Nazioni Unite, New York. Per due settimane esperti legali di molti paesi si sono riuniti qui nei sotterranei del palazzo di vetro lavorando su una bozza di primo tribunale penale internazionale del mondo.
L'istituzione di una corte permanente per giudicare i piu' terribili crimini di massa, compresi i massacri e genocidi che hanno caratterizzato i conflitti etnici degli ultimi decenni, e' un obiettivo che e' stato eluso per mezzo secolo dalle Nazioni Unite; ora potrebbe diventare realta' entro un anno, se saranno superate le residue incertezze di alcuni paesi, compresi gli Stati Uniti, che sono tiepidi su una corte penale con poteri sovranazionali.

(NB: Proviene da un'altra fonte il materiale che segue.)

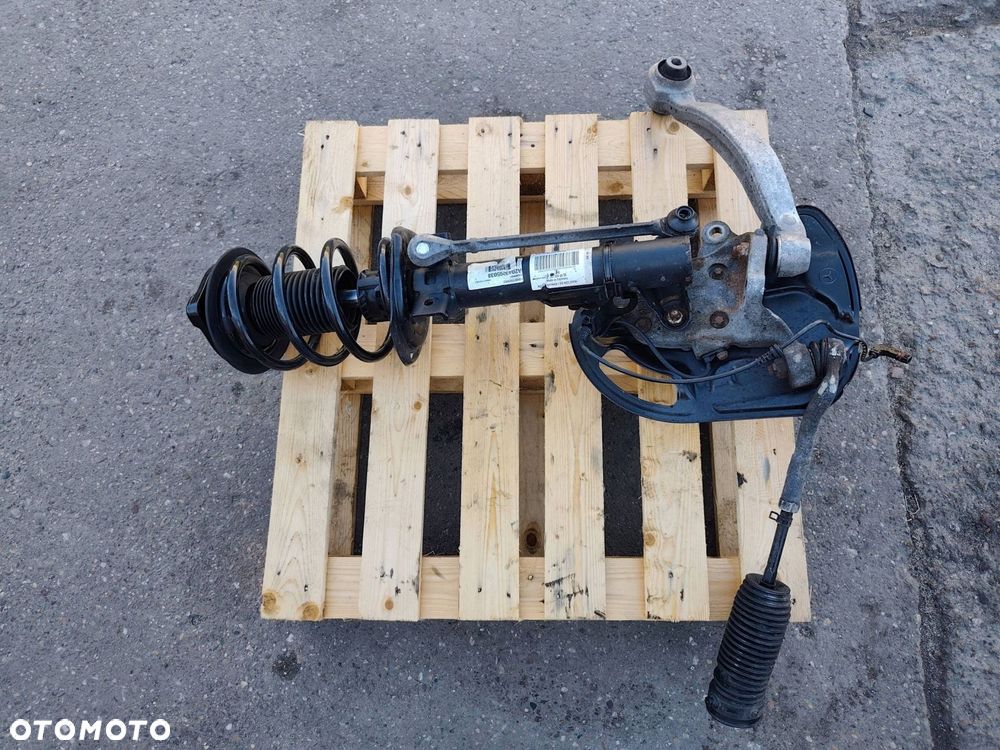 mercedes w204 c63 prawa przednia zwrotnica wahacz komplet - 1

Ci sono ancora larghe differenze di vedute su quali crimini la corte avrebbe giurisdizione e in particolare sul potere del procuratore capo di iniziare nuovi casi. Il governo USA sostiene l'istituzione della corte, ma la partecipazione americana e' condizionata all'assenso del congresso dominato dai repubblicani che controllano la commissione per gli affari esteri; tuttavia diplomatici americani dicono che e' aumentata la probabilita' che la corte possa essere istiuita con un trattato in una conferenza nel giugno prossimo a Roma.

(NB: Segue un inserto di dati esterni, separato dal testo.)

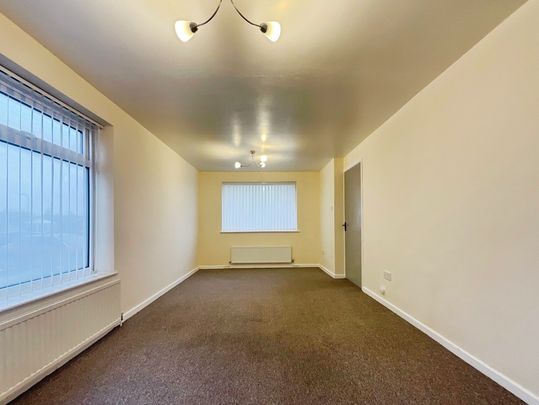 2 bedroom Detached Bungalow to let - Photo 1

"Tre anni fa quasi tutte le grandi potenze erano contrarie, ma adesso praticamente tutti i paesi hanno espresso sostegno" ha detto Bill Pace, leader della coalizione di gruppi attivi per la corte. E' largamente sentita l'assenza di una corte permanente che si occupi di casi come quello di Pol Pot in Cambogia. "L'istituzione dei tribunali sui casi balcanico e rwandese ha mostrato la possibilita' di operare a livello internazionale" ha detto Gabrielle Kirk McDonald, giudice americana al tribunale dell'Aia.
Washington vuole che sia il consiglio di sicurezza dell'Onu a valutare quali casi vadano alla corte, una veduta non condivisa da quasi tutti gli altri paesi: alcune nazioni asiatiche vorrebbero imporre un controllo governativo nazionale su tutte le attivita' del tribunale, mentre gli europei vorrebbero dare ampio margine di azione al procuratore, temendo che che i cinque membri permanenti del consiglio di sicurezza potrebbero imporre il loro veto per limitarne la giurisdizione.